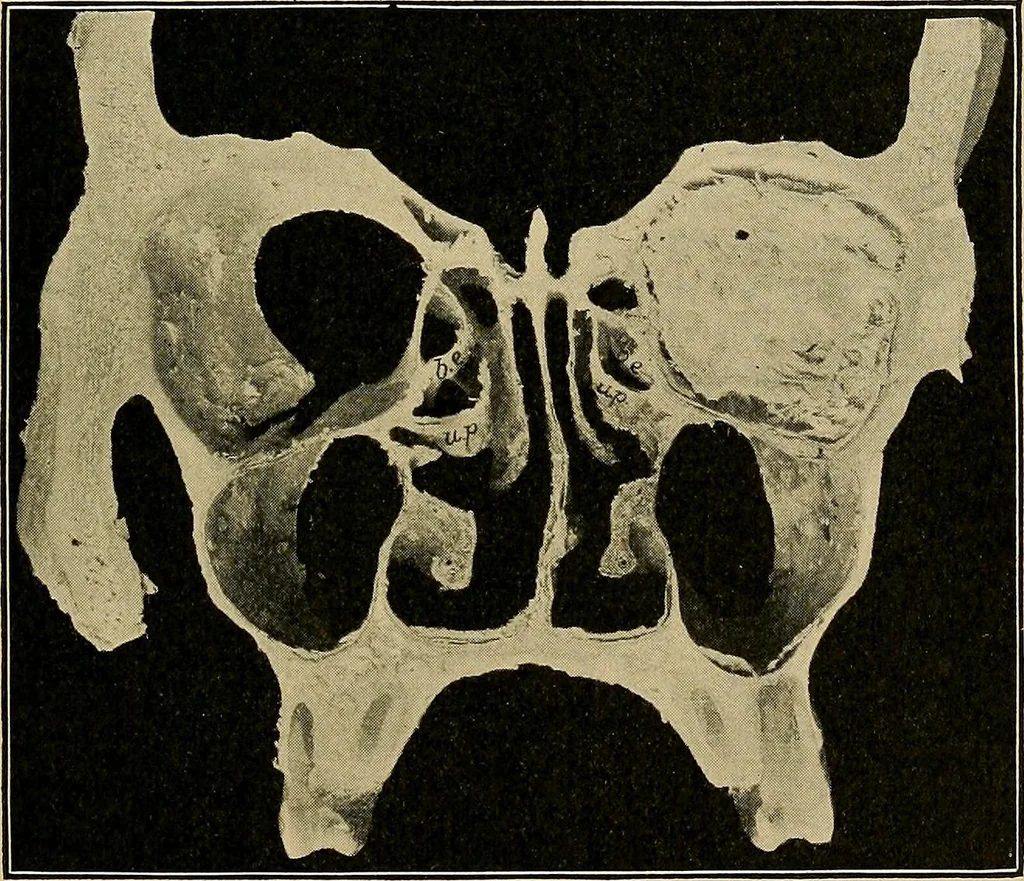 An illustration from A text-book of diseases of the nose and throat, 1904, leaf 320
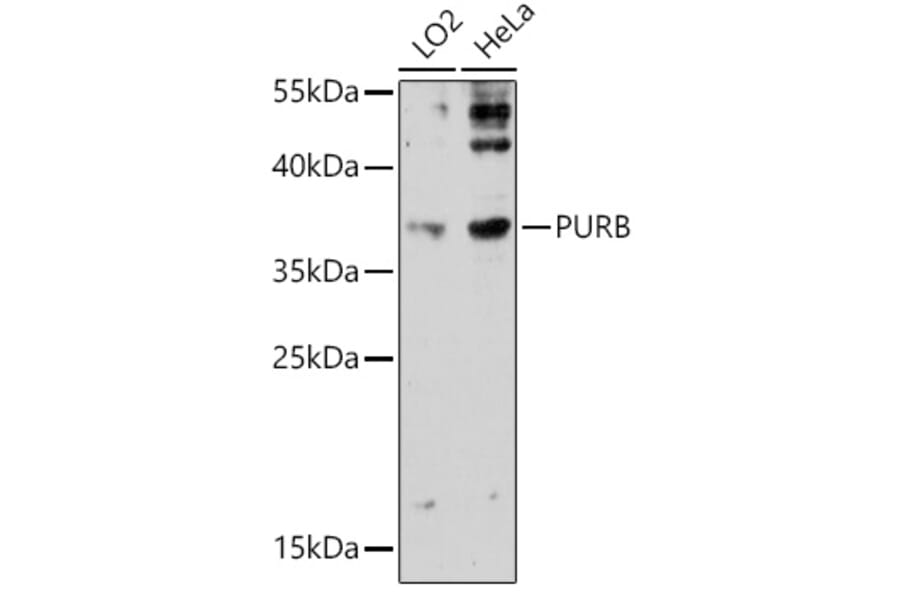 Western Blot - Anti-Pur B Antibody (A306014) - Antibodies.com
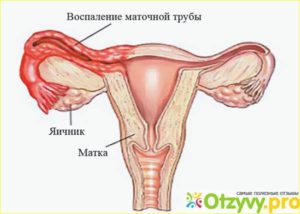 Воспаление маточных труб и яичников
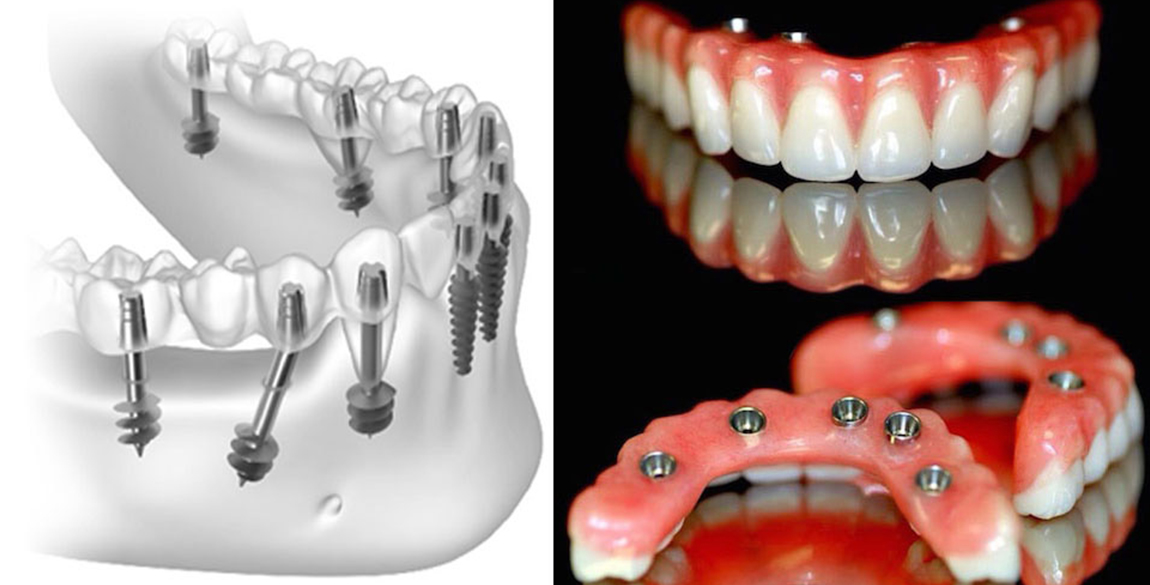 Basal Dental Implants BiCortical Dental Implants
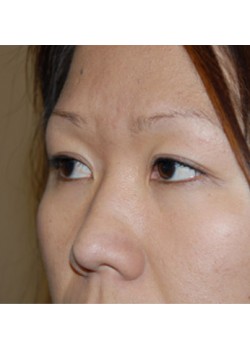 After Image: Asian Double Eyelid - left-front-oblique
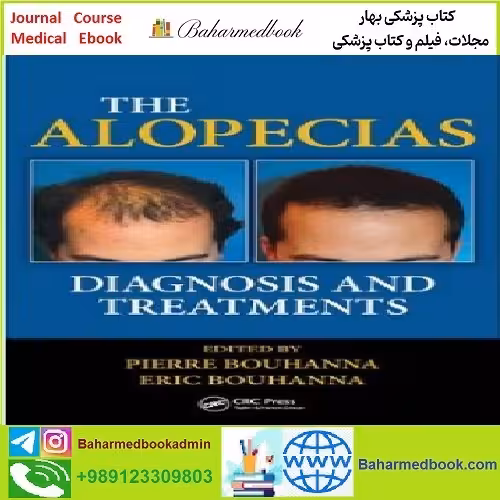 The Alopecias Diagnosis and Treatments TRUE PDF price 1€ - کتاب پزشکی بهار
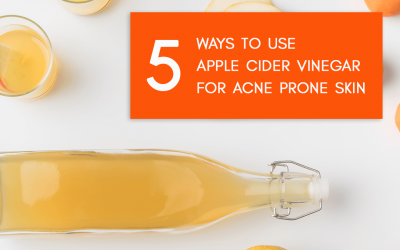 5 Recipes to Use Apple Cider Vinegar for Acne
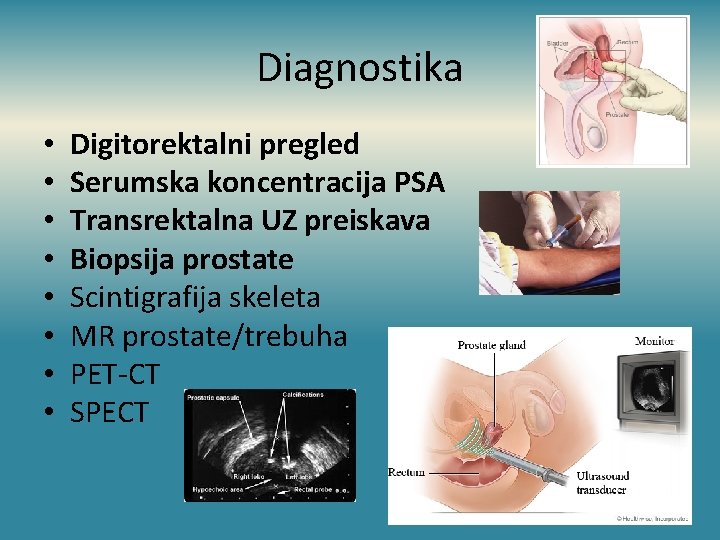 Diagnostika • • Digitorektalni pregled Serumska koncentracija PSA Transrektalna UZ preiskava Biopsija prostate Scintigrafija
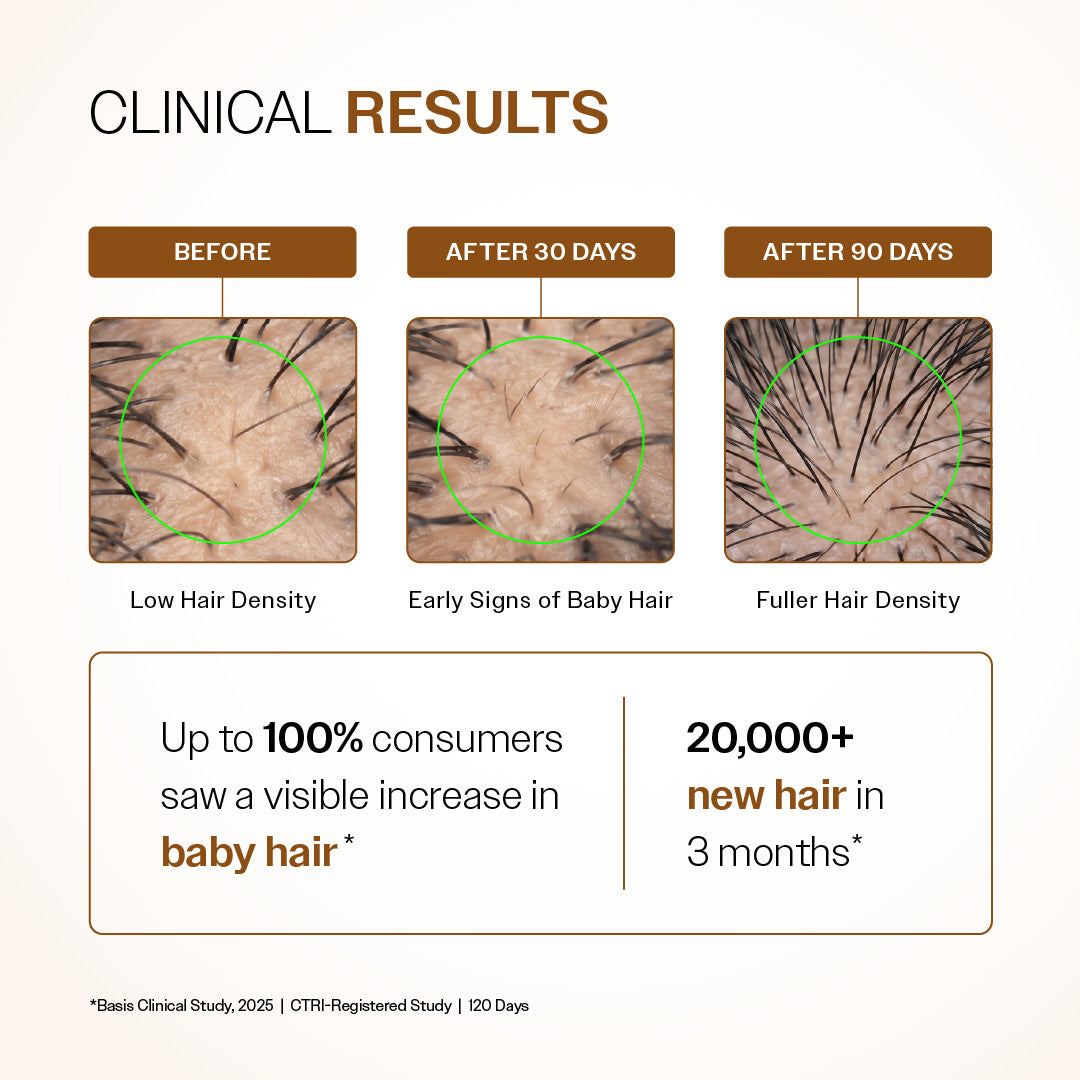 Bare Anatomy Advanced Hair Growth Serum – 30 ml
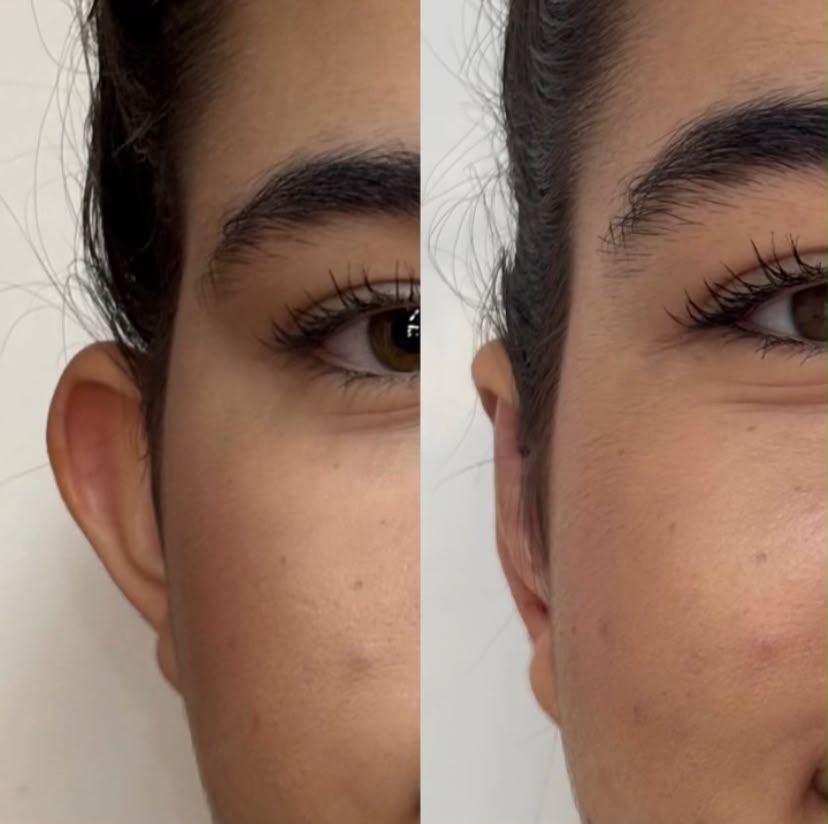 Comparativo de antes e depois de otomodelação — caso 01
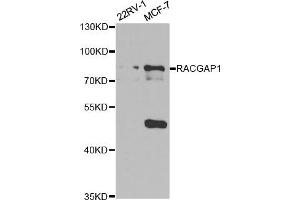 Western Blotting (WB) image for anti-Rac GTPase Activating Protein 1 (RACGAP1) antibody (ABIN1876486)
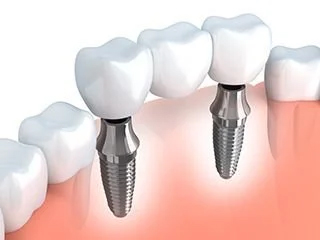 Multi gap filled with double bridge implant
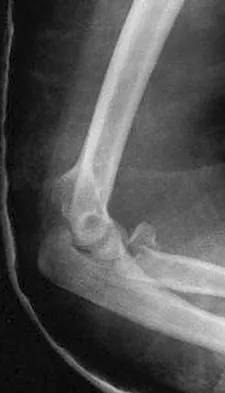 Upper Extremity Board Review 2008: High-Yield MCQs (Set 2) - Figure 3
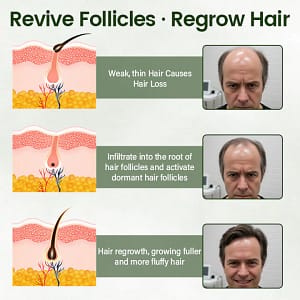 Timilk® Follicure BioGrow Hair Restoration Spray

→ **Work request**
The answer is the full listing above, repeated exactly, with its pictures removed.

→ **Written reply**
 An illustration from A text-book of diseases of the nose and throat, 1904, leaf 320
 Western Blot - Anti-Pur B Antibody (A306014) - Antibodies.com
 Воспаление маточных труб и яичников
 Basal Dental Implants BiCortical Dental Implants
 After Image: Asian Double Eyelid - left-front-oblique
 The Alopecias Diagnosis and Treatments TRUE PDF price 1€ - کتاب پزشکی بهار
 5 Recipes to Use Apple Cider Vinegar for Acne
 Diagnostika • • Digitorektalni pregled Serumska koncentracija PSA Transrektalna UZ preiskava Biopsija prostate Scintigrafija
 Bare Anatomy Advanced Hair Growth Serum – 30 ml
 Comparativo de antes e depois de otomodelação — caso 01
 Western Blotting (WB) image for anti-Rac GTPase Activating Protein 1 (RACGAP1) antibody (ABIN1876486)
 Multi gap filled with double bridge implant
 Upper Extremity Board Review 2008: High-Yield MCQs (Set 2) - Figure 3
 Timilk® Follicure BioGrow Hair Restoration Spray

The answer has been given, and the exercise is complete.